[Record extracts]

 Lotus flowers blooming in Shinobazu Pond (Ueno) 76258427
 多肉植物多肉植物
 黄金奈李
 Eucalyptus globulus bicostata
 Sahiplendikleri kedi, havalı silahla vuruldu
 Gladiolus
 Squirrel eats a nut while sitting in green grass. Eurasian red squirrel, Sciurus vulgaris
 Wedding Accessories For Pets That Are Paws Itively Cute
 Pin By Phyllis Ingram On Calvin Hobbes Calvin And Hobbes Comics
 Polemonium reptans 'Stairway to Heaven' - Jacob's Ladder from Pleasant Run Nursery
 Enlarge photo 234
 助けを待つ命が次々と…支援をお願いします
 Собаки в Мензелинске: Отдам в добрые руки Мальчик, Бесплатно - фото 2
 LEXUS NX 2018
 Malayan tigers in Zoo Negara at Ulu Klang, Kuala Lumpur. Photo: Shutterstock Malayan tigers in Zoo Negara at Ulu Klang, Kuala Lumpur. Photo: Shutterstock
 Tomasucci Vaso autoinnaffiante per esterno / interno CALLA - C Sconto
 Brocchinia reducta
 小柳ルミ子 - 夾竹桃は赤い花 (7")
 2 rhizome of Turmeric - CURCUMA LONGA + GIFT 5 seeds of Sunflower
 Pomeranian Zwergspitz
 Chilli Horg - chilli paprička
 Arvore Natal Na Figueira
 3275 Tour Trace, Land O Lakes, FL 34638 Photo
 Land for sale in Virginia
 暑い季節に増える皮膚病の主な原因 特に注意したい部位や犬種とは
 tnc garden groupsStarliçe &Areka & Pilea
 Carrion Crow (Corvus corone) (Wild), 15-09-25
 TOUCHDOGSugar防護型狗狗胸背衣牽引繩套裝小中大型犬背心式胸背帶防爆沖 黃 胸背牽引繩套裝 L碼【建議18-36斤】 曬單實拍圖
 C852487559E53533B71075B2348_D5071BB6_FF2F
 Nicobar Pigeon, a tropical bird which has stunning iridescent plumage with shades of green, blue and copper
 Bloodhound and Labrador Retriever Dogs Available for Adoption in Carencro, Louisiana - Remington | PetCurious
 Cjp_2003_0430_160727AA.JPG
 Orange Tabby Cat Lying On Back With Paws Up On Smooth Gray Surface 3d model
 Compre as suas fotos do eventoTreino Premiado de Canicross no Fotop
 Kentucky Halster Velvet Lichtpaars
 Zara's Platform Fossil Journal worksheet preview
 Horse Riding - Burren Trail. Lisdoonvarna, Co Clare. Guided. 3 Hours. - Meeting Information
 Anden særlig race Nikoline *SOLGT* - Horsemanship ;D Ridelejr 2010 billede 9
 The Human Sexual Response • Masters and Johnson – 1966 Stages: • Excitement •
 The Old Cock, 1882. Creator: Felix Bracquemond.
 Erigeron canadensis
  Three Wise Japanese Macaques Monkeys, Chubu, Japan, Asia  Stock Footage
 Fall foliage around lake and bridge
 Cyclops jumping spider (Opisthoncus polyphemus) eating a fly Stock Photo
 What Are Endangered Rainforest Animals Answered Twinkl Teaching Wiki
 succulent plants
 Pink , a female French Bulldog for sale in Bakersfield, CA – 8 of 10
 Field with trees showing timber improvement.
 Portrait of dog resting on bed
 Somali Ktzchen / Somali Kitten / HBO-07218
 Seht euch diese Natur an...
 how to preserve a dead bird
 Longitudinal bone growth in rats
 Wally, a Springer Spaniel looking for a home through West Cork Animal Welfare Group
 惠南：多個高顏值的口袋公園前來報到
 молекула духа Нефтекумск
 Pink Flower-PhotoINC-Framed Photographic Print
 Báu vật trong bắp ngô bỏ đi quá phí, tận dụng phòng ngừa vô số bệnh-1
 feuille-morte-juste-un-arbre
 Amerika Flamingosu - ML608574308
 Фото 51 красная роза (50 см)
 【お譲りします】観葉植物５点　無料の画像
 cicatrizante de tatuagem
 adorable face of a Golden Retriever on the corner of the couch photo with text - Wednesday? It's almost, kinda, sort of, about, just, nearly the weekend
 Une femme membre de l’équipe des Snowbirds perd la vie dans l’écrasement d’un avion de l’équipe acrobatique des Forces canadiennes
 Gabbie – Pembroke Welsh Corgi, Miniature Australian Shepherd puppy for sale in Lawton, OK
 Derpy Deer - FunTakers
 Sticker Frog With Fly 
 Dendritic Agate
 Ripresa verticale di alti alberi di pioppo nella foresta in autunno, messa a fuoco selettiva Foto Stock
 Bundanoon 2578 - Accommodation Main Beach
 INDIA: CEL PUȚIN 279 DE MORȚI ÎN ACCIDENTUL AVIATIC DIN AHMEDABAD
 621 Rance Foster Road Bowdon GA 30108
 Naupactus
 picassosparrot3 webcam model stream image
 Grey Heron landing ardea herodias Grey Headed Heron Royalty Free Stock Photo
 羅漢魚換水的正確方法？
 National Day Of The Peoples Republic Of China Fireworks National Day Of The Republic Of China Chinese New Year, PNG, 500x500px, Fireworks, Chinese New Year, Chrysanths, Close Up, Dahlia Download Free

[/Record extracts]

__What is required__
Your task is to show every line of the listing above containing "model".

__Result of this task__
 Orange Tabby Cat Lying On Back With Paws Up On Smooth Gray Surface 3d model
 picassosparrot3 webcam model stream image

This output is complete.